Inhabitants of the planet Gliese 581d will need a radio receiver and the ability to interpret binary code if they were to understand a series of text messages to be sent from Australia.

But the good news was they have another twenty years "give or take a few months" to get hold of both.

Hello from Earth will collect text messages over the next 12 days and transmit them to the closest Earth-like planet that has the potential to harbour life.

"All the messages will be collected and exported as a text file and sent to NASA's Jet Propulsion Laboratory in California, where it will be encoded into binary code, packaged and tested before transmission," the website said.

"This system of on and off radio signals will be sent back to Australia to the NASA/CSIRO Canberra Deep Space Communication Complex at Tidbinbilla, near Canberra. [Also] known as Deep Space Station 43, [it] will transmit the signal to Gliese 581d on 24 August 2009."

Gliese 581d is said to be a "super-Earth about eight times heavier" than Earth.

"It and three known sister planets orbit the low-mass red dwarf star Gliese 581, about 194 trillion kilometres away from us, in the constellation Libra," the site said.

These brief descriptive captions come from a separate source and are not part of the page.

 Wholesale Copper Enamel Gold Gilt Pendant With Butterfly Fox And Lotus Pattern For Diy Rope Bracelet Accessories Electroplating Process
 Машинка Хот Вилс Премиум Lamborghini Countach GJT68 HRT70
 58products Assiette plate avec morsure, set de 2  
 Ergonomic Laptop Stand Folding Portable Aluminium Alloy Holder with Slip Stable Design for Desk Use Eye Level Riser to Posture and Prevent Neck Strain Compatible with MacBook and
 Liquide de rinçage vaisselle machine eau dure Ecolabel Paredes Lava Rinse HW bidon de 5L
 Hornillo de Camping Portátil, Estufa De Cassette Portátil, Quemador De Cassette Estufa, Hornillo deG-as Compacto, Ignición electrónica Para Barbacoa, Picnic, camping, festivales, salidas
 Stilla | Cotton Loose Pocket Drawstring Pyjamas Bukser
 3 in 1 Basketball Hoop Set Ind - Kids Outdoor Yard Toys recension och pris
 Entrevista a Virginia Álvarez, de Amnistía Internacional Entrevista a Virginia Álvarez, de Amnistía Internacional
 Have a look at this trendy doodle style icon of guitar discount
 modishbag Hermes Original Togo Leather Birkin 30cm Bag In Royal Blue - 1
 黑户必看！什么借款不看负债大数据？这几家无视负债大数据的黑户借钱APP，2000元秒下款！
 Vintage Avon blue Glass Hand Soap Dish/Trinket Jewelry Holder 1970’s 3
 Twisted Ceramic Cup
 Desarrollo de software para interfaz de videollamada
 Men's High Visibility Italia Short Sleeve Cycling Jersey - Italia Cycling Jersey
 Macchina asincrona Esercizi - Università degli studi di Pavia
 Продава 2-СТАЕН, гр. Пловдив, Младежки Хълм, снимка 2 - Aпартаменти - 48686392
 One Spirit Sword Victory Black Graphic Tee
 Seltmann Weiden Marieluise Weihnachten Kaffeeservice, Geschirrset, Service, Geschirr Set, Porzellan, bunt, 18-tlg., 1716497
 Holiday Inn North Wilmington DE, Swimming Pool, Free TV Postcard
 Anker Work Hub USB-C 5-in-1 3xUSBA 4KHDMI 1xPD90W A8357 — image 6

It was chosen because it represented the best chance to receive a response in the message senders' lifetime.

But the site warned that any response received would need to be forwarded through the correct channels, including the Search for Extraterrestrial Intelligence (SETI), for international consultation to develop a response.

Coordinates of the responding planet could also not be disclosed, the website said.

At the time of writing, the site had received 87 messages including invitations to visit New Zealand and Wyoming on the NSW central coast, and requests not "to eat our brains" and to "please bring a carton of milk if you come to visit."

One respondent apologised for the messages which he dubbed "an example of our primitive humour."

No spam appeared to have been submitted - yet.

The site, a showpiece of National Science Week, appeared to experience a brief outage of approximately 45 minutes shortly after its launch, but has since been brought online again.